▶ [Problem description]: Pictures in the material below are to be left out, and only the lines from the line with "Summer casual fashion" up to and including the line with "Women Gym Shorts" are to be written out exactly.

▶ [Input for this task]:

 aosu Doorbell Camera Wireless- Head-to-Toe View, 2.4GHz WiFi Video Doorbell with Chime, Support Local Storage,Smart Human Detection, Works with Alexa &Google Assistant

* * *

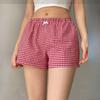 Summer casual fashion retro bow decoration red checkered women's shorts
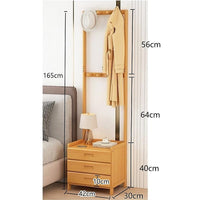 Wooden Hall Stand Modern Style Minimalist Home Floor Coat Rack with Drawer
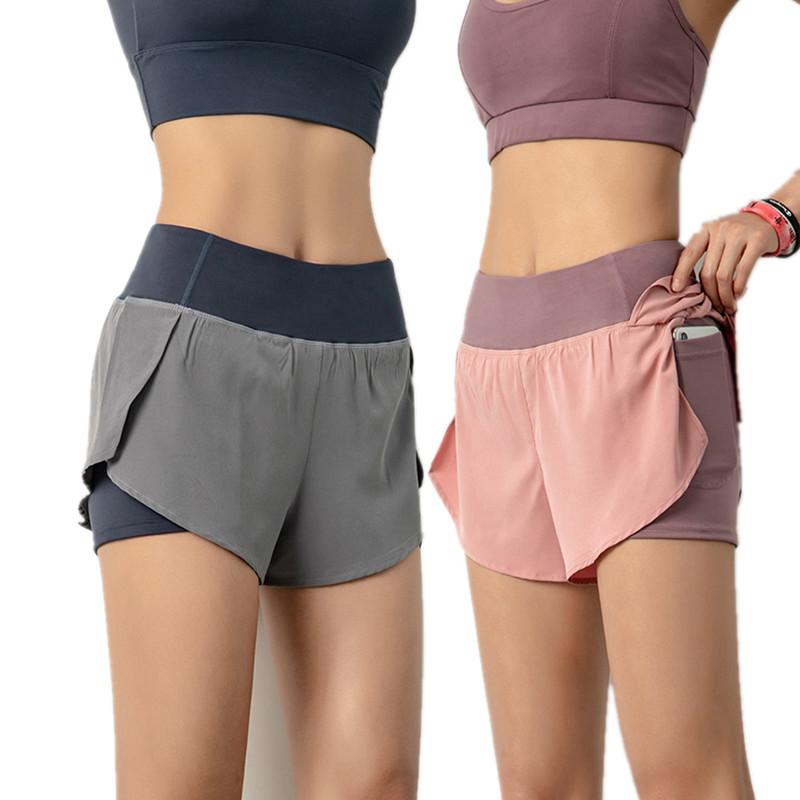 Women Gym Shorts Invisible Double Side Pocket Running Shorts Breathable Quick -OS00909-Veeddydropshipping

▶ [Result]:
 Summer casual fashion retro bow decoration red checkered women's shorts
 Wooden Hall Stand Modern Style Minimalist Home Floor Coat Rack with Drawer
 Women Gym Shorts Invisible Double Side Pocket Running Shorts Breathable Quick -OS00909-Veeddydropshipping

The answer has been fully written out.